What Are the Santorum, Romney and Gingrich Plans for Energy in the US?

Eric Wesoff

We add Santorum’s energy policy ideas to the mix.

Last month we published an article on the energy policies of Mitt Romney and Newt Gingrich, the clear front-runners in the GOP at that time. 

But the Republican presidential primary race remains fluid, and Rick Santorum had a strong night with a sweep of Minnesota, Colorado and Missouri.

Barring a brokered convention, one of these gentlemen will likely be the GOP candidate with a chance of becoming the next U.S. president.

What follows is a distillation of each candidate’s most recent energy policy statement.

Santorum’s Energy Plan

According to Santorum’s website, his energy policy is about “Unleashing America’s Domestic Energy.” Like most Americans, Santorum wants to limit dependence on foreign sources of oil. He wants to do that with domestic oil and gas drilling and more easily obtainable nuclear permits.

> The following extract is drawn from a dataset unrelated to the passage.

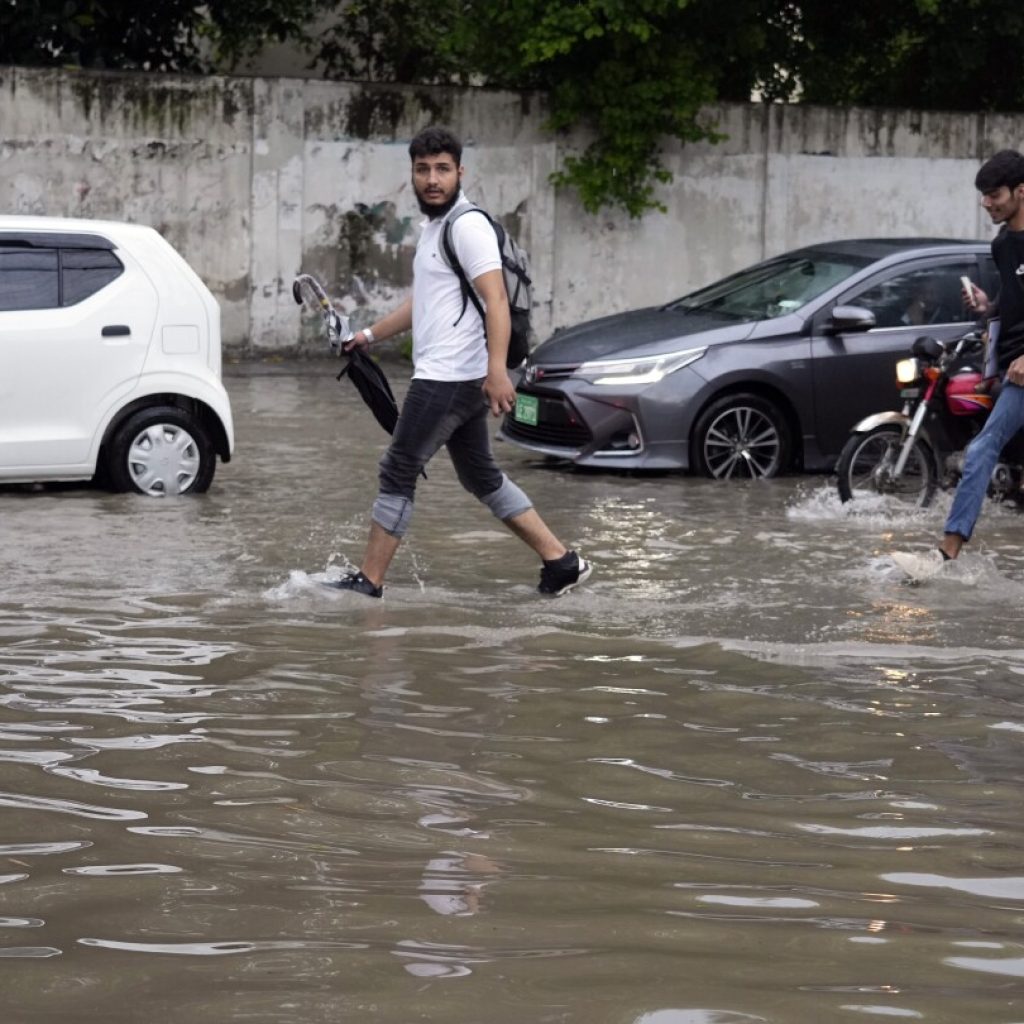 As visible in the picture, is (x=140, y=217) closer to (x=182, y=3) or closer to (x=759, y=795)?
(x=182, y=3)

Here are some of his bullet points:

  • Rely on market forces and private sector research and development capabilities to provide Americans with clean, affordable energy through competition.
  • Remove harsh regulatory restrictions on oil and gas research and exploration.
  • Expand domestic innovations and energy resources. This includes oil, natural gas, hydro, biomass, wind, solar, clean coal, and nuclear energy.
  • Remove bans on drilling — both onshore and offshore. This would immediately increase supply, create jobs, and bring revenues to the federal and state governments.
  • Continue promoting private-sector drilling techniques for natural gas. More than half of U.S. households use natural gas for heat, and a quarter of the nation’s electricity is made from it.
  • Eliminate all energy subsidies and tax credits. This will prevent the federal government from picking winners and losers in our effort to unleash all of America’s domestic energy sources.
  • Immediately approve the construction of the proposed Keystone XL oil pipeline. Construction of this pipeline would deliver an additional 700,000 to 830,000 barrels of oil per day to the U.S. and would create 20,000 jobs.
  • Repeal bureaucratic regulations such as EPA’s greenhouse gas regulations, Utility MACT, Boiler MACT, Cement MACT, the reclassification of coal ash, and any regulation of farm dust.
  • Restructure the priorities of the Department of Energy (DOE).

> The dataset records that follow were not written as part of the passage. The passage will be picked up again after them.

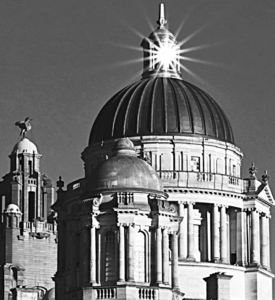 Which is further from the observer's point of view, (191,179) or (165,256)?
(191,179)

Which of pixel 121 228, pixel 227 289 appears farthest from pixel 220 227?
pixel 121 228

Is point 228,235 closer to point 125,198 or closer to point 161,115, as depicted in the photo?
point 161,115

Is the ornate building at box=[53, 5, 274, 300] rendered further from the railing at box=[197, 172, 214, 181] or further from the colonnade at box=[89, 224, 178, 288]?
the colonnade at box=[89, 224, 178, 288]

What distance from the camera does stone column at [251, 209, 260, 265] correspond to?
190 metres

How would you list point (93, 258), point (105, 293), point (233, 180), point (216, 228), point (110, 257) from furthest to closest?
point (233, 180)
point (216, 228)
point (110, 257)
point (93, 258)
point (105, 293)

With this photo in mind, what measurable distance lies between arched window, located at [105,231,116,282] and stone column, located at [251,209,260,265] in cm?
3115

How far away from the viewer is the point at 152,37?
646 feet

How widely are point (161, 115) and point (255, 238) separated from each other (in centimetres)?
1363

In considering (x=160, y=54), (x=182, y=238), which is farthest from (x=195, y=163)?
(x=160, y=54)

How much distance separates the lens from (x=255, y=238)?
19125cm

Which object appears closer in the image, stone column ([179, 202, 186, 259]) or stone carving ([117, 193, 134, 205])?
stone carving ([117, 193, 134, 205])

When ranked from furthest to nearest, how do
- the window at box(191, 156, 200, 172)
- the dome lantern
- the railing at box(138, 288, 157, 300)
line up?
the dome lantern, the window at box(191, 156, 200, 172), the railing at box(138, 288, 157, 300)

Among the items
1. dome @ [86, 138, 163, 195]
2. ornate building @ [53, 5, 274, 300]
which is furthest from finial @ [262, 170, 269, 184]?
dome @ [86, 138, 163, 195]

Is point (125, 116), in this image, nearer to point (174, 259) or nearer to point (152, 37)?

In an interview with Rush Limbaugh from June of last year, Santorum said, “I believe the earth gets warmer, and I also believe the earth gets cooler, and I think history points out that it does that and that the idea that man, through the production of CO2, which is a trace gas in the atmosphere, and the manmade part of that trace gas is itself a trace gas, is somehow responsible for climate change is, I think, just patently absurd when you consider all of the other factors, El Nino, La Nina, sunspots, you know, moisture in the air. There’s a variety of factors that contribute to the earth warming and cooling, and to me this is an opportunity for the left to create — it’s a beautifully concocted scheme because they know that the earth is gonna cool and warm. It’s been on a warming trend so they said, “Oh, let’s take advantage of that and say that we need the government to come in and regulate your life some more because it’s getting warmer,” just like they did in the ’70s when it was getting cool, they needed the government to come in and regulate your life because it’s getting cooler. It’s just an excuse for more government control of your life, and I’ve never been for any scheme or even accepted the junk science behind the whole narrative.”

It’s important to underscore that the “junk science” he refers to here is the mainstream scientific opinion on climate change. Santorum also embraces common threads of the global warming conspiracy theory, believing that global warming is a “beautifully concocted scheme” by the political left and “an excuse for more government control of your life.”

Romney’s Energy Plan

The Romney platform is called “Believe in America: Mitt Romney’s Plan for Jobs and Economic Growth“; it also contains the candidate’s energy policy.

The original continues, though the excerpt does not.